There are a limited number of ways to get to Dobrogea, depending on starting point. By sea, it’s pretty straightforward, choose one of the ports on the Black Sea and then finish the journey overland. From Bulgaria, cross the border at Vama Veche. Coming from Romania’s Muntenia region, the easiest way is to choose one of the two bridges crossing the Danube: Giurgeni – Vadu Oii or Fetesti – Cernavoda. The latter is the typical route to the Romanian seaside, via the A3 highway – or the Sun Highway. The option to cross the Danube with the flat boat is also available at Braila and Galati.
For a nicer landscape, if driving, I would recommend taking the A3 highway until Slobozia, then going to Giurgeni, crossing the toll bridge and then driving to the mountainous area of Macin. The Dobrogei mountains are incredible and unexpected in a quite deserted, steppe area. They are old mountains, not very tall, combining beautifully with the plateau, drawing rolling shapes on the skyline. This northern part of Dobrogea is higher than the southern, and driving is more spectacular here. The roads are in good shape in most of the area, as long as you stay on national roads. If you drive a 4×4, the smaller, local roads are a must, as the discoveries will exceed expectations.
The northern Dobrogea region closer to the Danube Delta and to the sea has its charm, and driving to Tulcea from either Macin or from Babadag or Topolog will reveal picturesque villages, enormous fields, lakes here and there.
Tulcea is the gateway to the Delta. Speedboats are available to Sfantu Gheorghe and to Sulina via two of the Danube’s arms. Make sure you check the schedule of boats and most run by the state company Navrom involve you staying a night in either Sulina or Sfantu Gheorghe. On the spot, there are plenty locals offering boat trips in the Delta, but not all of them speak English.
We’ll cover the Delta more in detail in one of our future articles. Staying on the main land, accommodation is the first job. There are boarding houses in most important villages in the Dobrogea region, close to the Delta. We stayed in Mahmudia, at a newly opened place called La Felinare. We enjoyed it as it was somewhere close to nature, overlooking the Danube branch, and it gave us a good starting point for trips in the region.
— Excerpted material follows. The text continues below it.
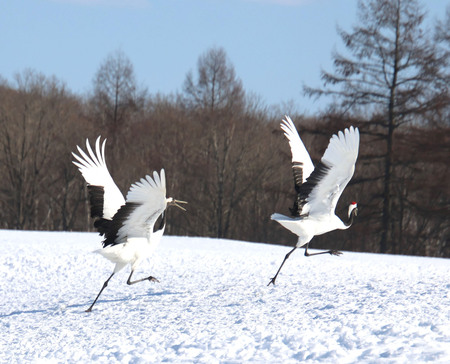 Entry image for Red-crowned Cranes, Duet. Clicking this image will show a larger photo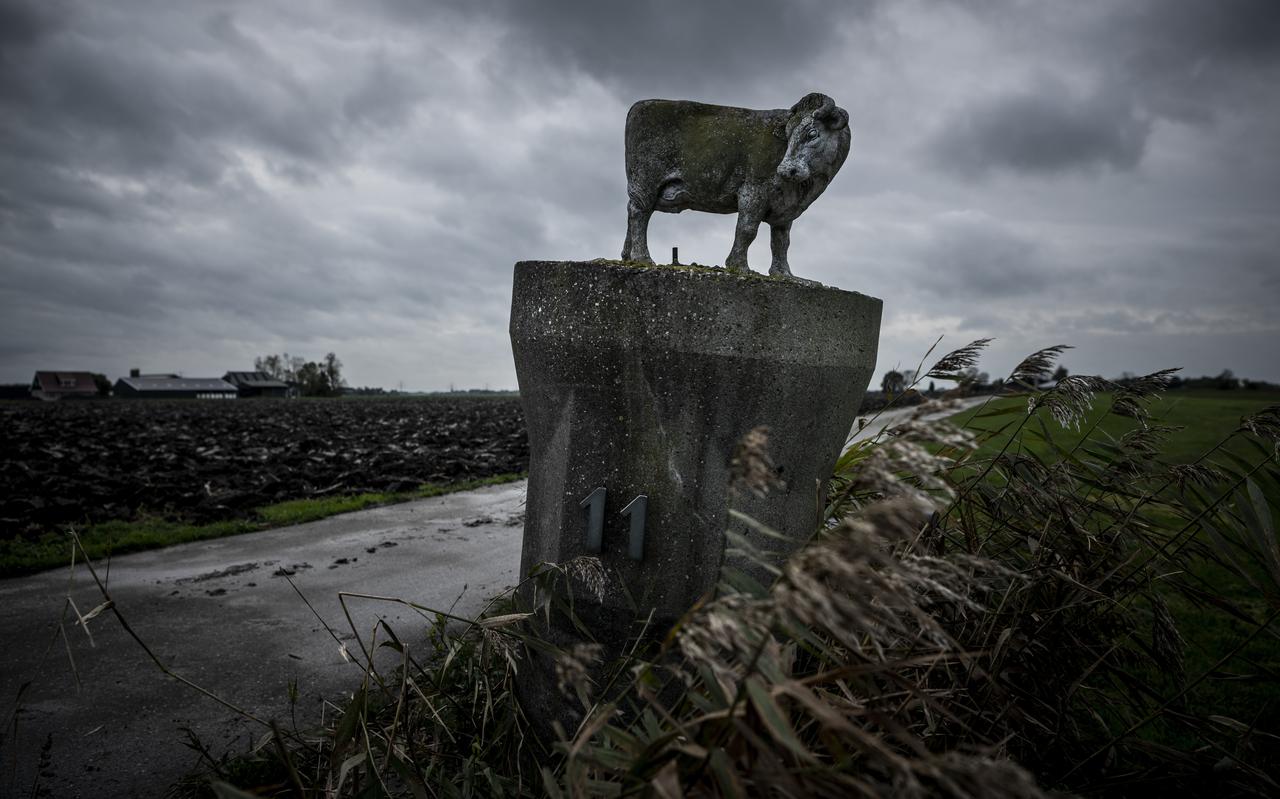 Een koe siert een oprit van een boerderij in Bedum. De kloof tussen boeren en de stad is veel kleiner dan velen denken. Een koe siert een oprit van een boerderij in Bedum. De kloof tussen boeren en de stad is veel kleiner dan velen denken.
Driving around the large Razim lake is recommendable, with the highlight at Enisala (in picture, above and below), where the medieval castle overlooks the lake and the hilly region from on high. Then, going further south, Jurilovca is a must. It gives access to the Dolosman cape and to the Argamum – Orgame ruins. From Jurilovca, boats across the Golovita lake are available to one of the few remaining almost unspoiled seaside spots in Romania: Gura Portitei.
The small resort, only reachable by boat, offers accommodation – tents, small houses or a more posh housing option, quietness and a very relaxed feel. On the very wild side of the beach, it’s sometimes possible to catch a glimpse of wild horses coming from the Danube Delta reservation, which starts very close by.
If you take the one and a half hour boat trip, which costs RON 30 per person per trip, go early in the morning, as the last boat returning to Jurilovca is at 20:00 and you will want at least a full day of enjoying the wilderness. Private, faster boats are also available and for larger groups, the pricing per person is better.
Another wild beach, a bit more to the south, is at Corbu. We’re yet to discover it but we’ve been told there are even fewer tourist amenities there, so make sure you pack all the needed things before you go there (and let us know how it was).
Back to Dobrogea, in the Macin area, the Natural Park Macin Mountain is worth a visit. At Niculitel, enjoy the famous locally made wine, while in Isaccea, you can even see the Ukrainian side of the Danube. The roads are unexpectedly good and the traffic is light, allowing ‘in– the–middle-of-nowehere-roads pictures.
In Tulcea, two museums are worth visiting: the Danube Delta museum with the aquarium, and the Folk Art museum, on opposite sides of an intersection downtown Tulcea.
Monasteries with strange names like Celic Dere, Saon, villages with names reminding of the Turkish occupancy – Bestepe, Sarinasuf, Ac Cadan, Enisala- thatched countryside houses with blue windows and doors, lakes with birds whose names and colors you’ll want to discover, and a recently erected forest of wind turbines taking advantage of the strong wind will accompany you in your trip to Dobrogea, the only steppe region in the European Union.